*** Extracted data Section Begins ***
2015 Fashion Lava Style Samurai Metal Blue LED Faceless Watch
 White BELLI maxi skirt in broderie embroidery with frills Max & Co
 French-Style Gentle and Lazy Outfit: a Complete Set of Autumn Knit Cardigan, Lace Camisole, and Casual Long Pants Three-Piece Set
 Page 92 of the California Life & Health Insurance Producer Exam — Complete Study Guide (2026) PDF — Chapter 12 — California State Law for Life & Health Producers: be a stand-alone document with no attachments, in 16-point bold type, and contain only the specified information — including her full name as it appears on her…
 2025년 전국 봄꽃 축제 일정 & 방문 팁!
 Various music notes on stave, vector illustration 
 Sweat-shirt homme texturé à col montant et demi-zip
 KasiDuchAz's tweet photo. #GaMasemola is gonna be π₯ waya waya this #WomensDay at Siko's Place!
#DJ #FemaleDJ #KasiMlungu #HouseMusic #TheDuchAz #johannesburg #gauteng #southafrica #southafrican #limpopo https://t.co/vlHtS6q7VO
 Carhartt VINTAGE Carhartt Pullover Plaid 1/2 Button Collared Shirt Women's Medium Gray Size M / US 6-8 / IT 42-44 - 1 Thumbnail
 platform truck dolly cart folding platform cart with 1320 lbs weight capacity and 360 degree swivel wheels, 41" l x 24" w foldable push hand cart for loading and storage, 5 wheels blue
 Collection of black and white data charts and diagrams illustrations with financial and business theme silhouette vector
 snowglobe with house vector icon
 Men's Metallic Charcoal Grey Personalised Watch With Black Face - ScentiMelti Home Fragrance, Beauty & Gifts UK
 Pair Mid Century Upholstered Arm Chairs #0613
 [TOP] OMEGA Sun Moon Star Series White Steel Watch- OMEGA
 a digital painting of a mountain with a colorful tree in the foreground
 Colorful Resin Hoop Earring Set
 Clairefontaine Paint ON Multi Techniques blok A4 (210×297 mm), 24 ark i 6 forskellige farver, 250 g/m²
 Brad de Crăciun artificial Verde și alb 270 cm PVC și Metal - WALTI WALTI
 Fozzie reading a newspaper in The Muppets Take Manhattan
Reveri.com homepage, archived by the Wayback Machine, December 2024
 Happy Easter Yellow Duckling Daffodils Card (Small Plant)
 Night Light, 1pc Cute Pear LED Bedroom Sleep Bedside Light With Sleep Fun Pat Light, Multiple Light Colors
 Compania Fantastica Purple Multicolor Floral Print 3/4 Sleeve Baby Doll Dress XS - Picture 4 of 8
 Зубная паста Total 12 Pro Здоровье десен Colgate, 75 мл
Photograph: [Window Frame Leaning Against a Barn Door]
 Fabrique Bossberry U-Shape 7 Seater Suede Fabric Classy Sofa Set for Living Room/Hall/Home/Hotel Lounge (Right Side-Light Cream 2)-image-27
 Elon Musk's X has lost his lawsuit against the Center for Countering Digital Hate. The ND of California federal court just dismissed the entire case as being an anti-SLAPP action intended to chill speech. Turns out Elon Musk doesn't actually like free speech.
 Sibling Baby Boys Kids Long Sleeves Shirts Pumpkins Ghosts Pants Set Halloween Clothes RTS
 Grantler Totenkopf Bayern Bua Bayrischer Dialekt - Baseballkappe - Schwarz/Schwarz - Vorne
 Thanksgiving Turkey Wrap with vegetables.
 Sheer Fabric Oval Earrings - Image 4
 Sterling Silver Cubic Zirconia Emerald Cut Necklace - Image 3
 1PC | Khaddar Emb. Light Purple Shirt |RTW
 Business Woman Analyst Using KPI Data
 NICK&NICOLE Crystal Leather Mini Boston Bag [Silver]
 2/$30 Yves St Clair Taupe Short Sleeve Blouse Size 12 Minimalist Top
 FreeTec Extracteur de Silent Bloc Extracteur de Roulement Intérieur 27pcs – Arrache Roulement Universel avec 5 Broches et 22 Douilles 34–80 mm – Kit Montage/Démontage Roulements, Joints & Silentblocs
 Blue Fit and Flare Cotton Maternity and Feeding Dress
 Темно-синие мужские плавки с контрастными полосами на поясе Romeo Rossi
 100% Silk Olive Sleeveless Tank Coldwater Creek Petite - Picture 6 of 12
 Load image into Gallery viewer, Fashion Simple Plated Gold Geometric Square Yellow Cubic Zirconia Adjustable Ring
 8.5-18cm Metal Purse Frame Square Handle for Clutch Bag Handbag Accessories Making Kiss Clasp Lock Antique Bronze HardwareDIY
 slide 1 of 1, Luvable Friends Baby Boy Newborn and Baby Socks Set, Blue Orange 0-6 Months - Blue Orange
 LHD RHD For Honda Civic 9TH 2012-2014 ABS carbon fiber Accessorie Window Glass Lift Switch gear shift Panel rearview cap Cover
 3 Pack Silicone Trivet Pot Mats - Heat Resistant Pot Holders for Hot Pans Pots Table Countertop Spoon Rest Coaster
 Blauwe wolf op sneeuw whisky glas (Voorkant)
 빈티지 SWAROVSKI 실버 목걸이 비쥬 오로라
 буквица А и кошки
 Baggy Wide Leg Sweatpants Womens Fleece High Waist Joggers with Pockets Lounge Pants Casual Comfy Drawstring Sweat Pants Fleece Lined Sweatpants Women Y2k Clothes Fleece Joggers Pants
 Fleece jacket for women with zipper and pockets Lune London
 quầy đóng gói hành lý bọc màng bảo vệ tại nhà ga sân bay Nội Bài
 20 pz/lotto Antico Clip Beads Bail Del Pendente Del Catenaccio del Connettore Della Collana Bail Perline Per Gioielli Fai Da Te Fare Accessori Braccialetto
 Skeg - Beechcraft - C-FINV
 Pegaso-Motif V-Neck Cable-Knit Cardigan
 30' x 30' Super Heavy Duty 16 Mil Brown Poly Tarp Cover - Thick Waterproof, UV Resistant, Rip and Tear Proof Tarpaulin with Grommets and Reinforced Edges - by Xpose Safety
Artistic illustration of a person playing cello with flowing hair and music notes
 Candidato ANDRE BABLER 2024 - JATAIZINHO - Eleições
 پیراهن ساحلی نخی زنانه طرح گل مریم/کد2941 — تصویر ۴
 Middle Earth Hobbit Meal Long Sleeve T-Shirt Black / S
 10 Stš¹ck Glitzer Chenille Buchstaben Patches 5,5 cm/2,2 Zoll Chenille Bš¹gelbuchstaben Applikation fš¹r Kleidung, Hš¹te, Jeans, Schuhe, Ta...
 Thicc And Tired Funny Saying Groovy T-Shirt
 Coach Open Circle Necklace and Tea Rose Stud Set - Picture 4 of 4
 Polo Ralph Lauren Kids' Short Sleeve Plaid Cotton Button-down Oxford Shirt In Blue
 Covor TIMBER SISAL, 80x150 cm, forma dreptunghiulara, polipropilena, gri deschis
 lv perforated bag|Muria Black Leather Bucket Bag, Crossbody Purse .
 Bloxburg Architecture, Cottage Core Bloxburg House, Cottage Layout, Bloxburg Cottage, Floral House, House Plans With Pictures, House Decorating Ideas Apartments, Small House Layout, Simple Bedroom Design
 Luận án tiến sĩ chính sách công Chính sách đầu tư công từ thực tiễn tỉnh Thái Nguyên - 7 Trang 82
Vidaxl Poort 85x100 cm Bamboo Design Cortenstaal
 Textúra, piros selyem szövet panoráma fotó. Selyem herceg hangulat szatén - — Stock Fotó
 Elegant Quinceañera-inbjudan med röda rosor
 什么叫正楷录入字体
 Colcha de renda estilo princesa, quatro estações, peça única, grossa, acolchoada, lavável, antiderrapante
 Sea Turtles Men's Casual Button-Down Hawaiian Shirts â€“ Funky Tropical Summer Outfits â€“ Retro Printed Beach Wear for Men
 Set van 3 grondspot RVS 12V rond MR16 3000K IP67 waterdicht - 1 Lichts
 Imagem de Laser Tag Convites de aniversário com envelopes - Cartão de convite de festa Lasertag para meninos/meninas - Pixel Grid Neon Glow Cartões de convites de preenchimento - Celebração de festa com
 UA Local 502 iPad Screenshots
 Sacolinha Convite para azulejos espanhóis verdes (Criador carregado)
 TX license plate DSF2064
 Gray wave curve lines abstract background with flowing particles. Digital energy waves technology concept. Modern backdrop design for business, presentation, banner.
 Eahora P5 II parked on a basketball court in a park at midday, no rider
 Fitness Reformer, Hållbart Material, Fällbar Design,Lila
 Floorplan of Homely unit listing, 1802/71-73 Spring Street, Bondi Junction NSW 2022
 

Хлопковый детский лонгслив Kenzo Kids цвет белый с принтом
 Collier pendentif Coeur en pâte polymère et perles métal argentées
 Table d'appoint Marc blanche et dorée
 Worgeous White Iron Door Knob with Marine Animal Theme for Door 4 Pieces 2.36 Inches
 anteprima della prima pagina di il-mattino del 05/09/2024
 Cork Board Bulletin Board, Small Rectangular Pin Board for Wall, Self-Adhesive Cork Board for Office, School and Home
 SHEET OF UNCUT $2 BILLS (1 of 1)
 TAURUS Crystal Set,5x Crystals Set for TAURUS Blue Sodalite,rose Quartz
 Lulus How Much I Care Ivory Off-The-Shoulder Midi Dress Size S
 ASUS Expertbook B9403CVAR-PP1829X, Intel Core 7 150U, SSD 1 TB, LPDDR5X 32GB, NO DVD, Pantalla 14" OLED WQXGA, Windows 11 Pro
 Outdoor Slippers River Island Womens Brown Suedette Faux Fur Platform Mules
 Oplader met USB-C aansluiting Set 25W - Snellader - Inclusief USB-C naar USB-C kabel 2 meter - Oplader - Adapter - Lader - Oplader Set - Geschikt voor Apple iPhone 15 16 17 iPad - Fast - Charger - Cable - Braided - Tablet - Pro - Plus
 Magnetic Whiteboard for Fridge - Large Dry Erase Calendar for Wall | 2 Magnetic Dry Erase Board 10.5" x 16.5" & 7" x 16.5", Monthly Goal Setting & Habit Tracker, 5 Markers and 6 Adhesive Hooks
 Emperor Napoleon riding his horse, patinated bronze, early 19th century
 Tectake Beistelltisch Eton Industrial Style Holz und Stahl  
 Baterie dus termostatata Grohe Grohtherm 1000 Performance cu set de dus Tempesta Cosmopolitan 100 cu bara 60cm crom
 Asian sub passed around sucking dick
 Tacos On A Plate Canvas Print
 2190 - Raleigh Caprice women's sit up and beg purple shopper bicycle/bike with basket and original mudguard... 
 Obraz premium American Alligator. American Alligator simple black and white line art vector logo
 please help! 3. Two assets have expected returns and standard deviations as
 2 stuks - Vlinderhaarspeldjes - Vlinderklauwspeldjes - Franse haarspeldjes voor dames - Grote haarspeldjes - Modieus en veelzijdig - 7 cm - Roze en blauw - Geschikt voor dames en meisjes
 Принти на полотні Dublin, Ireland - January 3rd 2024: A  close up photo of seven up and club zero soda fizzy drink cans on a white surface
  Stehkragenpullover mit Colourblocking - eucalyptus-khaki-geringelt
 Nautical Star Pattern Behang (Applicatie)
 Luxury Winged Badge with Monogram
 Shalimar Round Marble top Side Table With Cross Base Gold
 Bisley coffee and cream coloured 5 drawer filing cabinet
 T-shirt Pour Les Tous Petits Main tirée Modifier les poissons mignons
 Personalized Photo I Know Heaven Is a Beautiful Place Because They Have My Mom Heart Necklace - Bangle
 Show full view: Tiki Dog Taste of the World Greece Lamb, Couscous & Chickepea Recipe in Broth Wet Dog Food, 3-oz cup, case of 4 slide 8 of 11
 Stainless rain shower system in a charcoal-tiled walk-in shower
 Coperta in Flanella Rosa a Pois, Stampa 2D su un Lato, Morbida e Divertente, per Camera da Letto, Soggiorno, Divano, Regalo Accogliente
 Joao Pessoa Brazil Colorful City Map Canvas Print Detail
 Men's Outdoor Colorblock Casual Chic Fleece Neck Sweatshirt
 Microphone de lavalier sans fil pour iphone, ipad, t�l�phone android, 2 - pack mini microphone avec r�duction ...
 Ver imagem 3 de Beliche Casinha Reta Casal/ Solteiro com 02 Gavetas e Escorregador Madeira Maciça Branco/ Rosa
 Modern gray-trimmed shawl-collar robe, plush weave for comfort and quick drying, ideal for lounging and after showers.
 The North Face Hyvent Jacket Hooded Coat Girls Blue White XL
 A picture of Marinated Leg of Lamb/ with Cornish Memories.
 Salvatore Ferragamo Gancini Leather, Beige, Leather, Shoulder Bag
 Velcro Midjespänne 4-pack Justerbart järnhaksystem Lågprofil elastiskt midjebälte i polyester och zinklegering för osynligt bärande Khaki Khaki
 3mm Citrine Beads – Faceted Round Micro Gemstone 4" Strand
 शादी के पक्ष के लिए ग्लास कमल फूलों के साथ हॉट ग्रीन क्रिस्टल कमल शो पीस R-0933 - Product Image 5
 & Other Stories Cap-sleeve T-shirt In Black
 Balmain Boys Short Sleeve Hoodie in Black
*** Extracted data Section Ends ***
#### [Exercise details]
Can you repeat, word for word, every line above from the one containing "ASUS Expertbook B9403CVAR-PP1829X, Intel" down to the one containing "Oplader met USB-C", including both?

#### [Answer below]
 ASUS Expertbook B9403CVAR-PP1829X, Intel Core 7 150U, SSD 1 TB, LPDDR5X 32GB, NO DVD, Pantalla 14" OLED WQXGA, Windows 11 Pro
 Outdoor Slippers River Island Womens Brown Suedette Faux Fur Platform Mules
 Oplader met USB-C aansluiting Set 25W - Snellader - Inclusief USB-C naar USB-C kabel 2 meter - Oplader - Adapter - Lader - Oplader Set - Geschikt voor Apple iPhone 15 16 17 iPad - Fast - Charger - Cable - Braided - Tablet - Pro - Plus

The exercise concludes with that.